In a news conference Feb 3, mission leadership said they can fix the leak at the pad, so no rollback to the VAB is planned. The problem is at the tail service mast umbilical (TSMU) cavity, at the base of the rocket between where the flight and ground plate come together.

The flight-side interface with the leak is complex and sensitive to flow rates & pressures, & uses a pressure-assisted seal. In the slow-fill phase everything was ok, but as they gradually increased pressure into fast-fill the leak started. They know how to manage it from Artemis-1, let the seal & interface get warm & adjust pressure to stay within leak limits to get the tank full. NASA has a leak limit cutoff of 16% for SLS. The leak ranged from 12-14%.
When ops entered Terminal Count & pressurized the core stage, the leak quickly spiked, stopping the countdown. It’s what WDR is for, testing everything as it will be on launch day and addressing issues so they aren’t a problem when it’s time to do the real thing.

Workers will access the interface plate and look at the seal
The team is now reviewing data & investigating which bleed line is involved. They need to access the interface plate & remove & inspect the seal. There may be a misalignment, a deformation or debris on the seal.
Similar leaks with Artemis-1 were on the ground-side. Engineers made numerous modifications & improvements after. No leak occurred on that side for Artemis-2 WDR.
“After Artemis I, with the challenges we had with the leaks, we took a pretty aggressive approach to do some component-level testing with some of these valves and the seals, to understand their behavior,” said John Honeycutt, chair of the Mission’s Management Team.

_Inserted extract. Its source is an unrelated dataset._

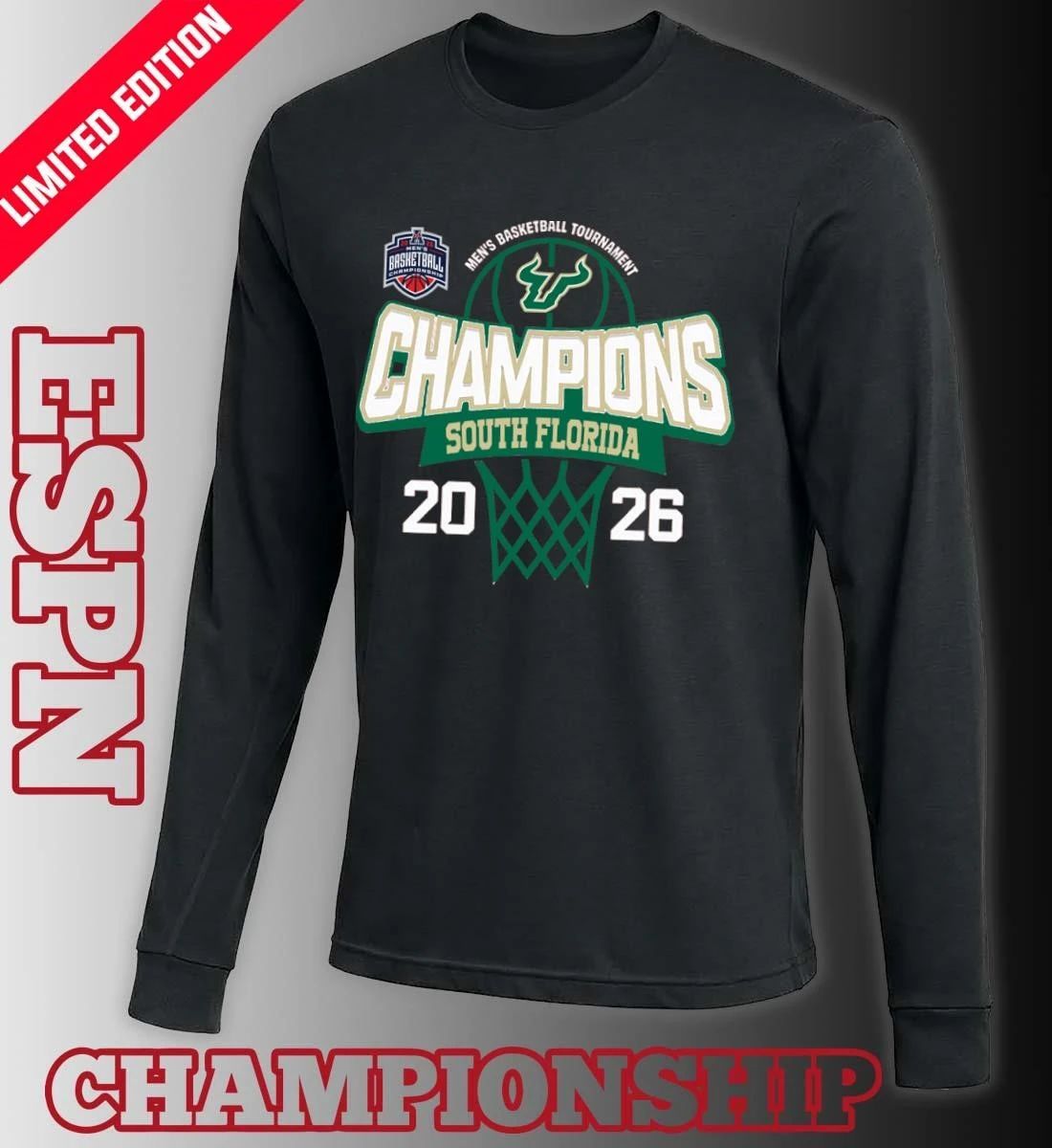 South Florida Bulls 2026 American Conference Men’s Basketball Tournament Champions Shirt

“We got a good handle on that relative to how we install the flight-side and the ground-side interface, but on the ground, we’re pretty limited in how much realism we can put into the test. We try to test like we fly, but this is a very complex interface. When you’re dealing with hydrogen, it’s a small molecule. It’s highly energetic.”
NASA thinks rollout may be a contributing factor behind the leaks
In the press conference, NASA noted that moving the giant rocket may be a factor behind the leak. There isn’t enough data to prove it, but the TSMU is mated to the stack during rollout. Engineers can’t fully characterize the environment & stresses from top to bottom during those delicate moves, the same way they can predict stresses while on the pad. That’s one reason why they never want to move the stack unless they have no choice.

Artemis-2 can stay on the pad through March, but beyond that it would have to rollback to the VAB so technicians can service the upper stage batteries. The cast-life on the SRBs is good to 2028, & Orion’s CO2 scrubbing system is checked out to mid-2027.
One of the big things NASA hoped to do but couldn’t is get through terminal count to T-0 (liftoff). The team wants to verify a 3-minute hold capability, demonstrating that the SLS cryo propellant systems can hold in a launch-ready state. They also want to execute a recycle where they have a cutoff in the countdown and come back to target a new T-0. Both will be done in the next WDR.
March 6-9 and March 11 are the next launch opportunities.